• **What is required**
The answer must consist of every line from the entries that holds the word "Maison".

--- START ---

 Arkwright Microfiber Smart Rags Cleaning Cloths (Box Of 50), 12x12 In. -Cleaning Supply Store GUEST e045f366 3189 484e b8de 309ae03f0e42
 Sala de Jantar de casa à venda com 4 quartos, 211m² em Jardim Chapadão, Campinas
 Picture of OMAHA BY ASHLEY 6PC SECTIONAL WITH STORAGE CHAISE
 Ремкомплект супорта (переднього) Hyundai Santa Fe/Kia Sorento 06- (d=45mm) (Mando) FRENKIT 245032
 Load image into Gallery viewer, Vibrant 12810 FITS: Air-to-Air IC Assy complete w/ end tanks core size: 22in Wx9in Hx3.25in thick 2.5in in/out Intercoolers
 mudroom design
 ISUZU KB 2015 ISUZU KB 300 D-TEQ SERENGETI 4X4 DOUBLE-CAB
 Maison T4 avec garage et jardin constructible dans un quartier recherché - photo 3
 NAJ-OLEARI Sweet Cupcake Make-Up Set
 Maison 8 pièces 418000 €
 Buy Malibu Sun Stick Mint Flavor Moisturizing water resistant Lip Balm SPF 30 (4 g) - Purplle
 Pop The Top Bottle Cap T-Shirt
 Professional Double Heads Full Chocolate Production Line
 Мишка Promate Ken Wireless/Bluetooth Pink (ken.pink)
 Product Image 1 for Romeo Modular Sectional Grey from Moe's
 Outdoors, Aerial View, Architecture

--- END ---
--- START ---

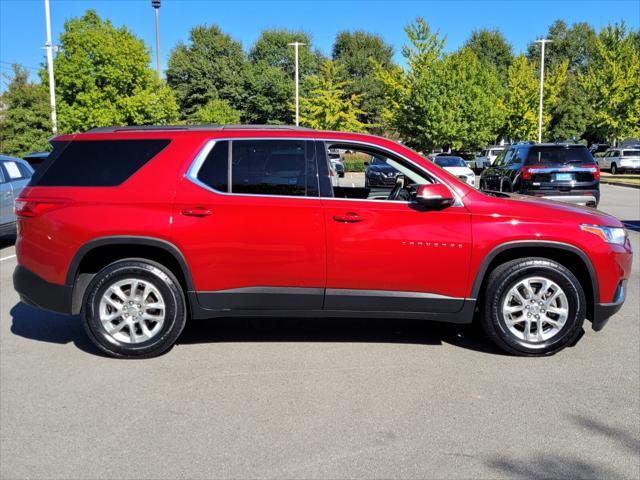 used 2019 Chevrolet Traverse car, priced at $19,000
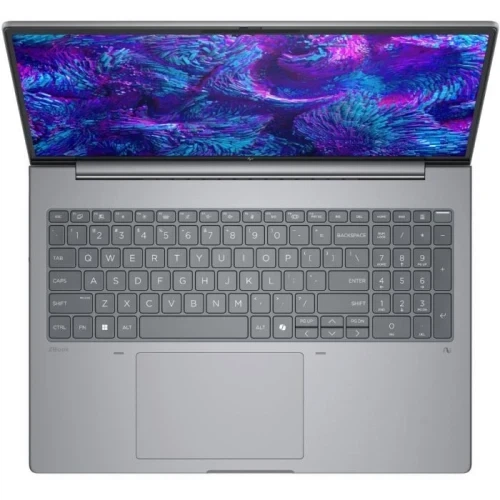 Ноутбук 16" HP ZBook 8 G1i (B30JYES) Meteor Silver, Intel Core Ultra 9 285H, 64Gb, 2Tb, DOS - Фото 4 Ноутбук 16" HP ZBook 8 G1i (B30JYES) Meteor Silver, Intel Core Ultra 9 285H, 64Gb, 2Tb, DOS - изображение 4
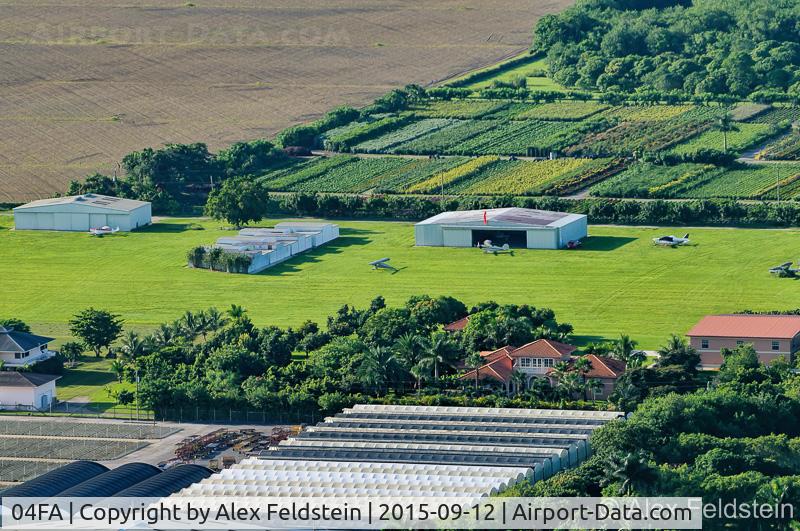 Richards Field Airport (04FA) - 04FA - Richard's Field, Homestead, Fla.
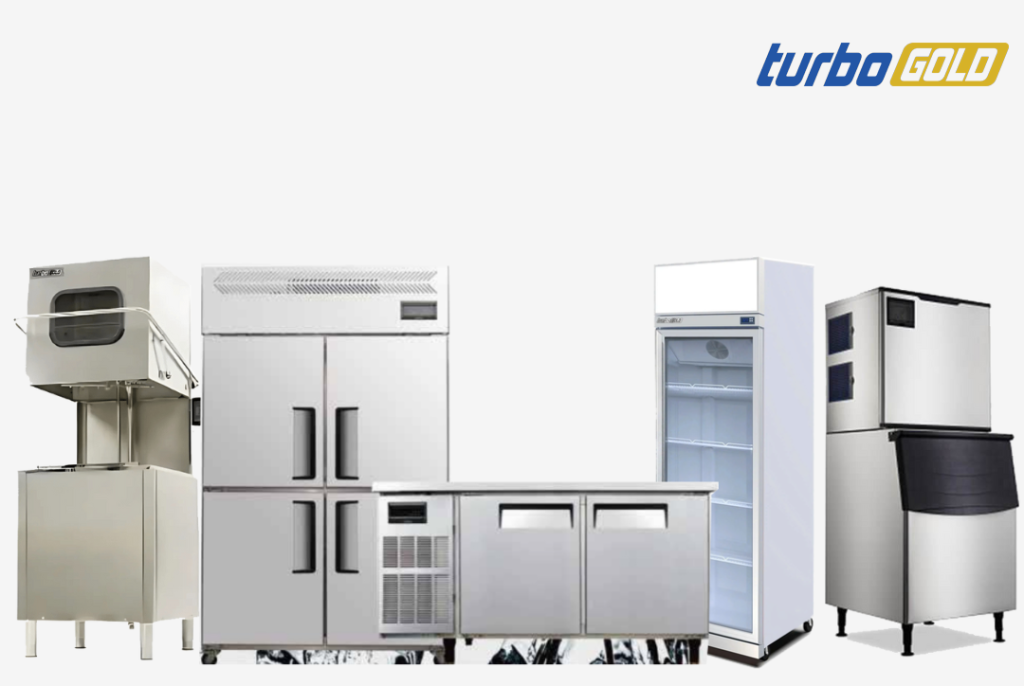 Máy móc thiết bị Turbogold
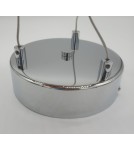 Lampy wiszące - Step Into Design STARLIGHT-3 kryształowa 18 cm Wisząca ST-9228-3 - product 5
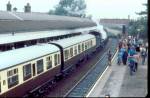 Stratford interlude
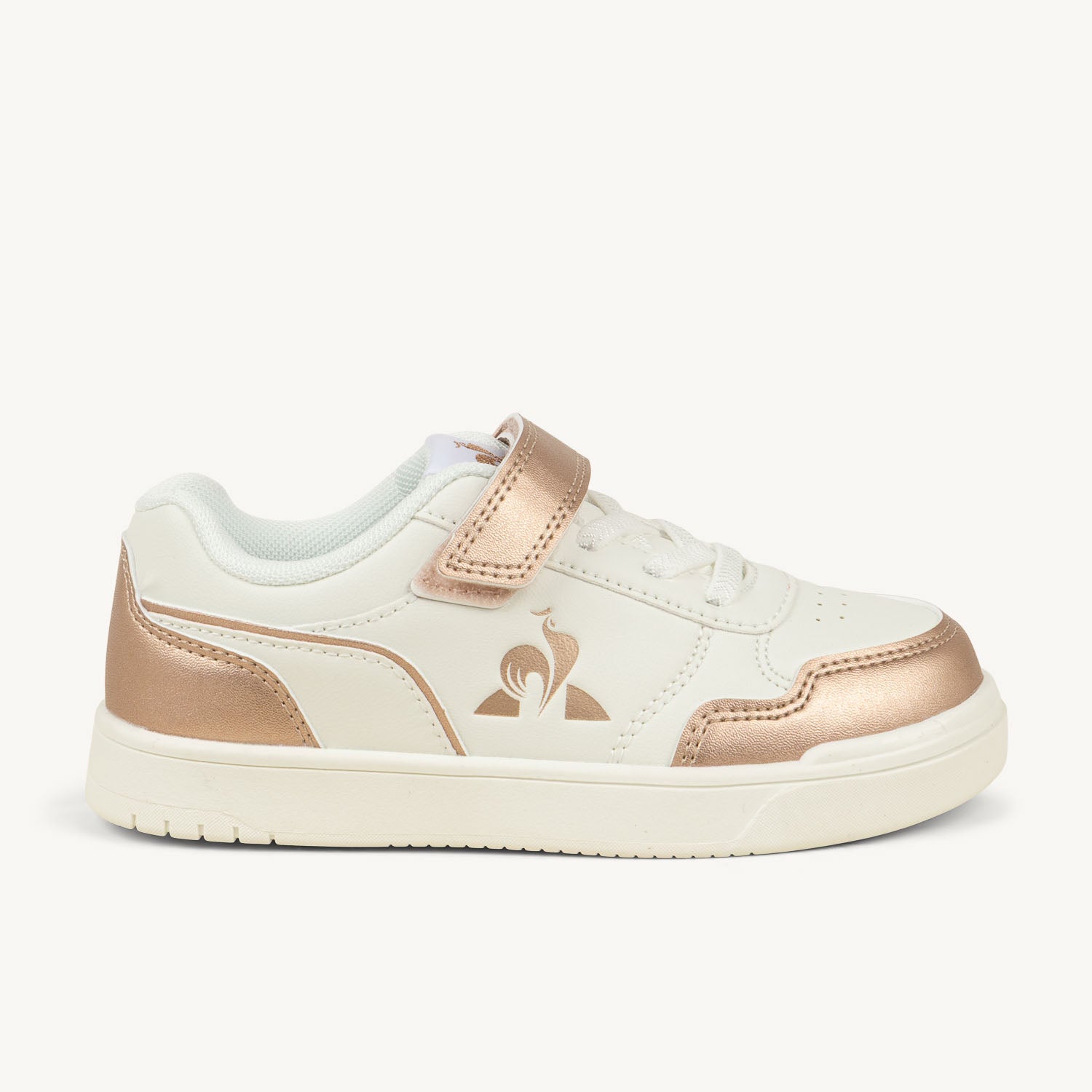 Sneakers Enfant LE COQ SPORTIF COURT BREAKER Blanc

--- END ---

• **Task result**
 Maison T4 avec garage et jardin constructible dans un quartier recherché - photo 3
 Maison 8 pièces 418000 €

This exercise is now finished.